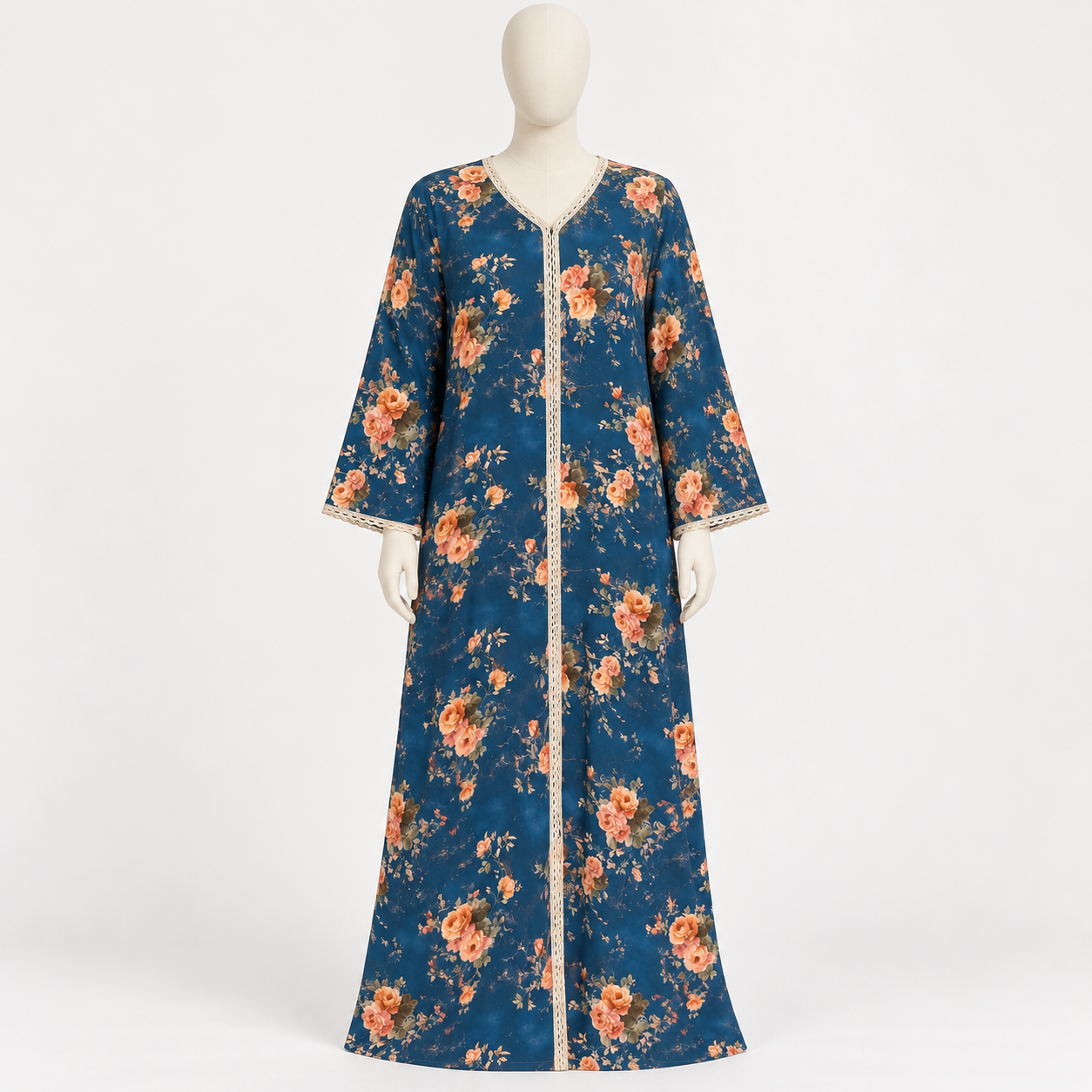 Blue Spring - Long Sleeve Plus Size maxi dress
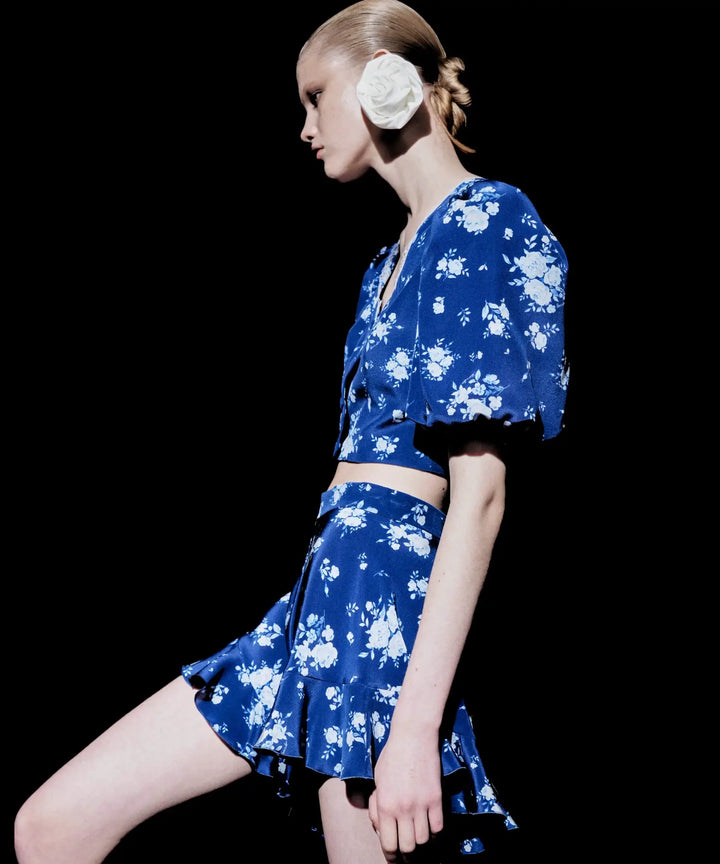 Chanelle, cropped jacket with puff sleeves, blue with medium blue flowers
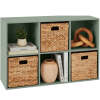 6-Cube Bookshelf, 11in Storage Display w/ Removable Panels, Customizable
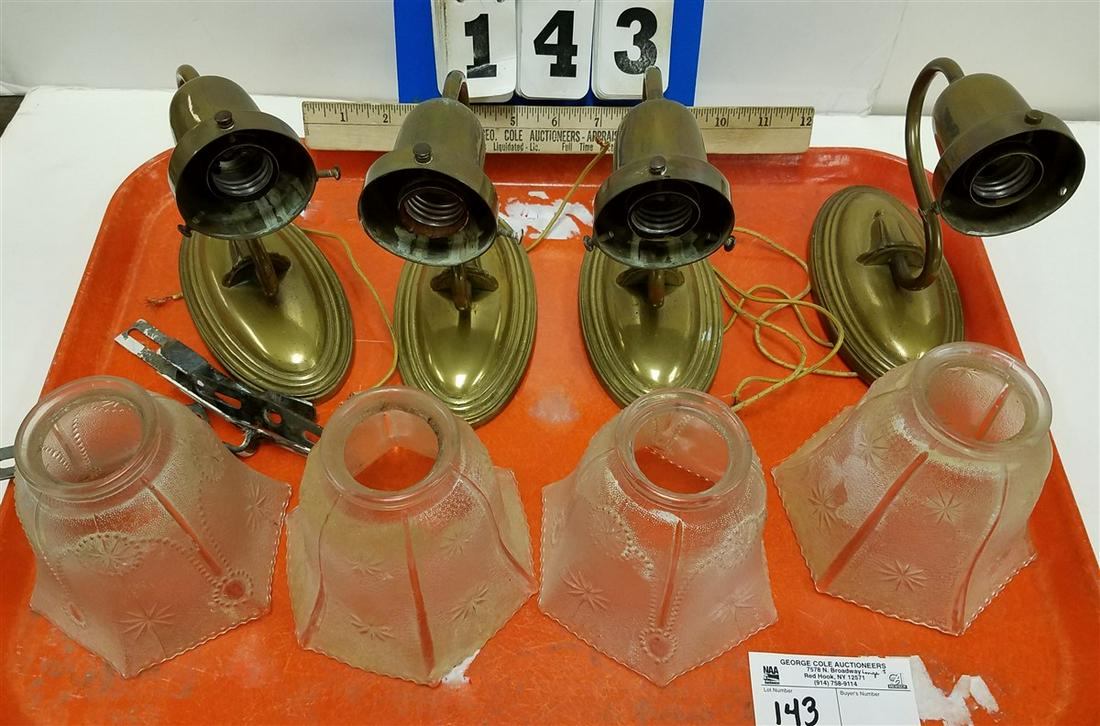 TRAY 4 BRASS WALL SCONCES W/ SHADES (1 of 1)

▸ **Exercise directions**
Please restate the data word for word, leaving out any picture it holds.

▸ **Answer to this problem**
 Blue Spring - Long Sleeve Plus Size maxi dress
 Chanelle, cropped jacket with puff sleeves, blue with medium blue flowers
 6-Cube Bookshelf, 11in Storage Display w/ Removable Panels, Customizable
 TRAY 4 BRASS WALL SCONCES W/ SHADES (1 of 1)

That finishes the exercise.